### WHAT TO PRODUCE
Return the entries that follow exactly, with no images.

##### EXERCISE DATA

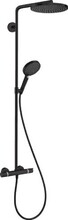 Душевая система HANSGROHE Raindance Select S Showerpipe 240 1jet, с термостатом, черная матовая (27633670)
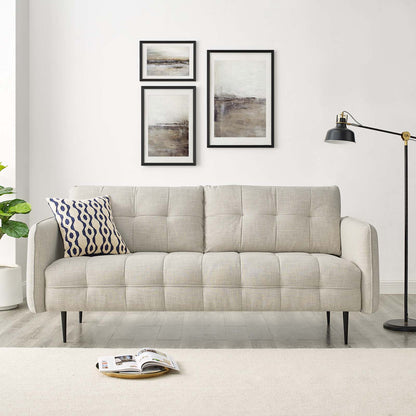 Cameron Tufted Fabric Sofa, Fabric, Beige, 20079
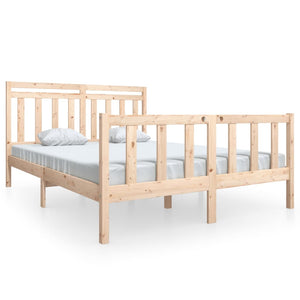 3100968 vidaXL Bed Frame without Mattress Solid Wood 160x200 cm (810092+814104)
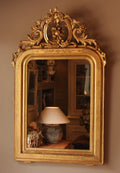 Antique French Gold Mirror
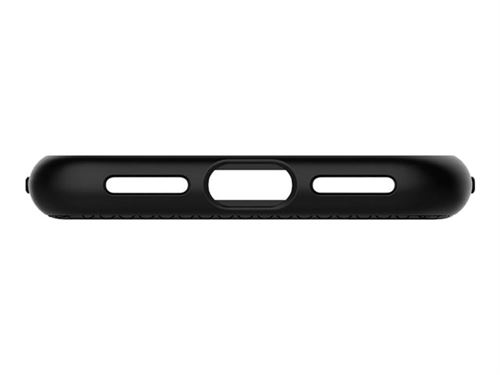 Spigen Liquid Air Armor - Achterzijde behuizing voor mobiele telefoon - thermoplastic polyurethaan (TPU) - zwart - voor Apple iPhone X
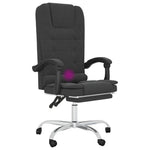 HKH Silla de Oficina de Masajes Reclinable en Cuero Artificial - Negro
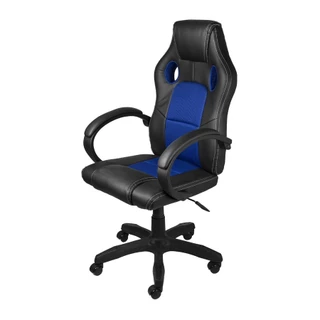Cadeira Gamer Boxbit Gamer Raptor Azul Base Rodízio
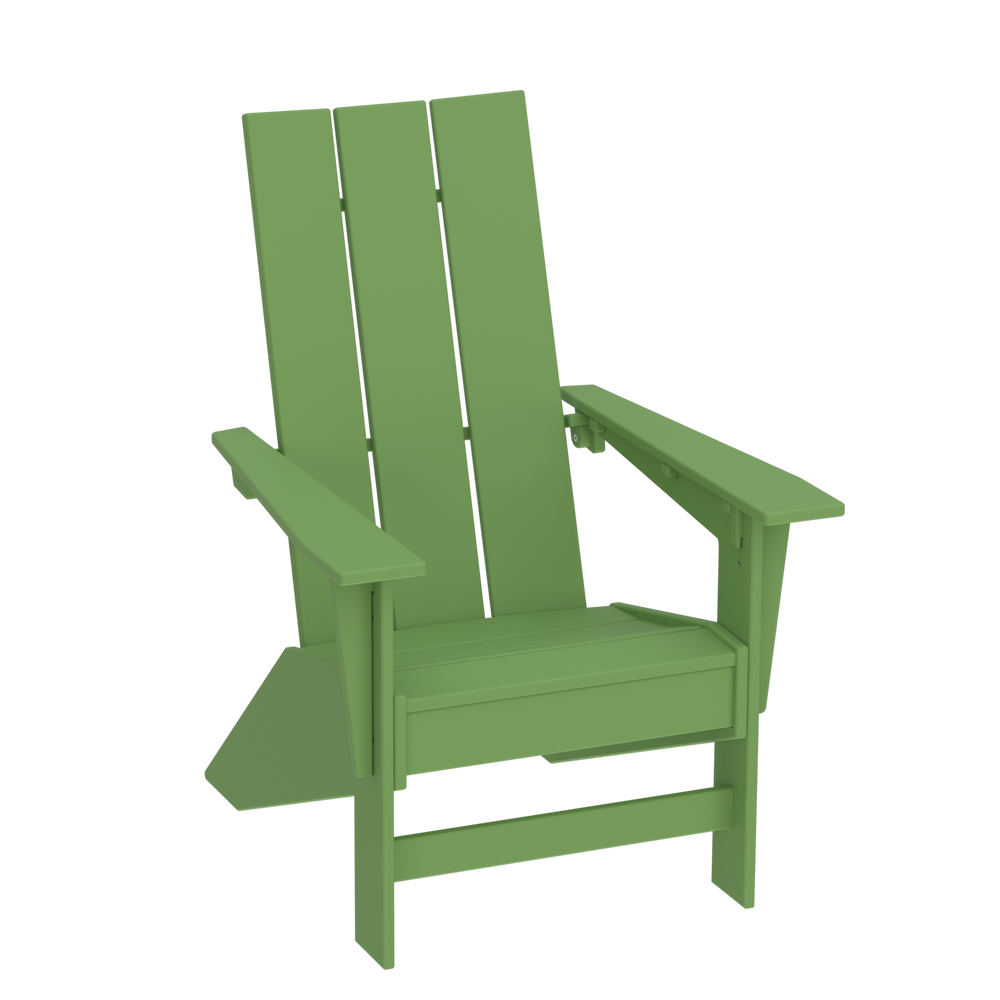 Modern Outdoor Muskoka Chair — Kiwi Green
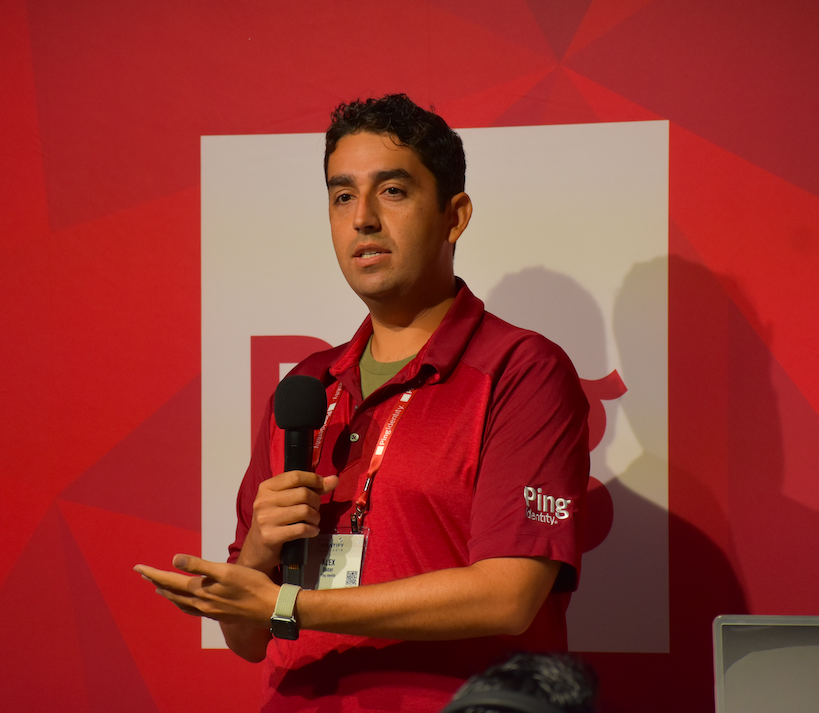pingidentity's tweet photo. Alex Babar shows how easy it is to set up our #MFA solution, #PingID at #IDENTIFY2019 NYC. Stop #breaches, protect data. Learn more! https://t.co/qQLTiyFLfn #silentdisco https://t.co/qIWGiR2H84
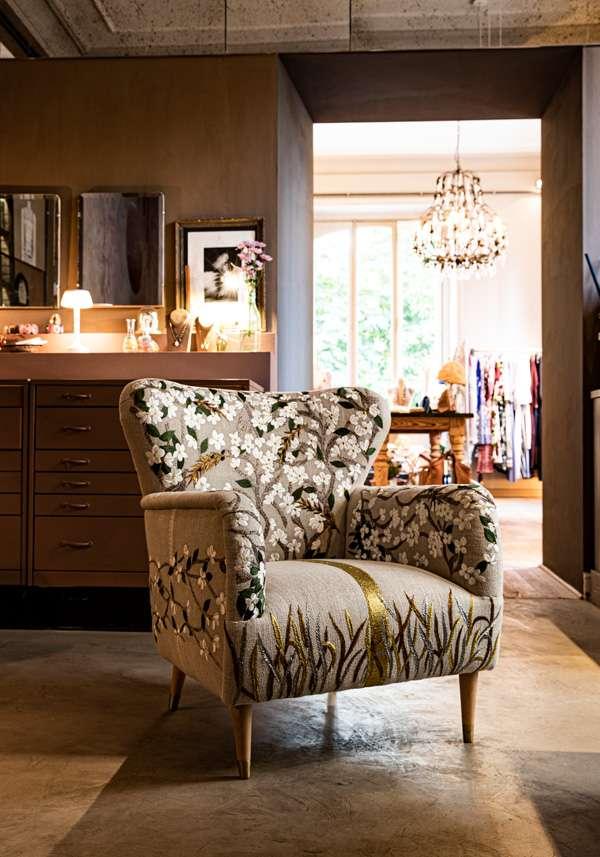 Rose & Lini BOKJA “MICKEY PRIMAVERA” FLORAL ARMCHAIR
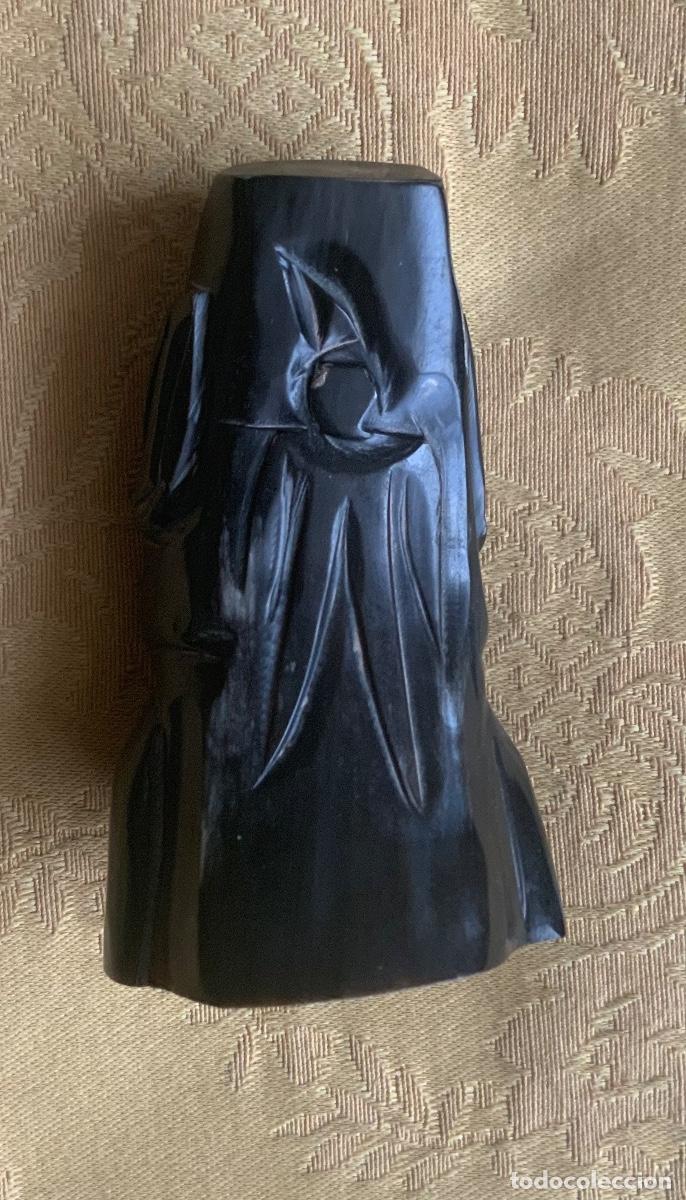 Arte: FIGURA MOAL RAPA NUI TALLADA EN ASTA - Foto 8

##########

### WRITTEN ANSWER
 Душевая система HANSGROHE Raindance Select S Showerpipe 240 1jet, с термостатом, черная матовая (27633670)
 Cameron Tufted Fabric Sofa, Fabric, Beige, 20079
 3100968 vidaXL Bed Frame without Mattress Solid Wood 160x200 cm (810092+814104)
 Antique French Gold Mirror
 Spigen Liquid Air Armor - Achterzijde behuizing voor mobiele telefoon - thermoplastic polyurethaan (TPU) - zwart - voor Apple iPhone X
 HKH Silla de Oficina de Masajes Reclinable en Cuero Artificial - Negro
Cadeira Gamer Boxbit Gamer Raptor Azul Base Rodízio
 Modern Outdoor Muskoka Chair — Kiwi Green
pingidentity's tweet photo. Alex Babar shows how easy it is to set up our #MFA solution, #PingID at #IDENTIFY2019 NYC. Stop #breaches, protect data. Learn more! https://t.co/qQLTiyFLfn #silentdisco https://t.co/qIWGiR2H84
 Rose & Lini BOKJA “MICKEY PRIMAVERA” FLORAL ARMCHAIR
 Arte: FIGURA MOAL RAPA NUI TALLADA EN ASTA - Foto 8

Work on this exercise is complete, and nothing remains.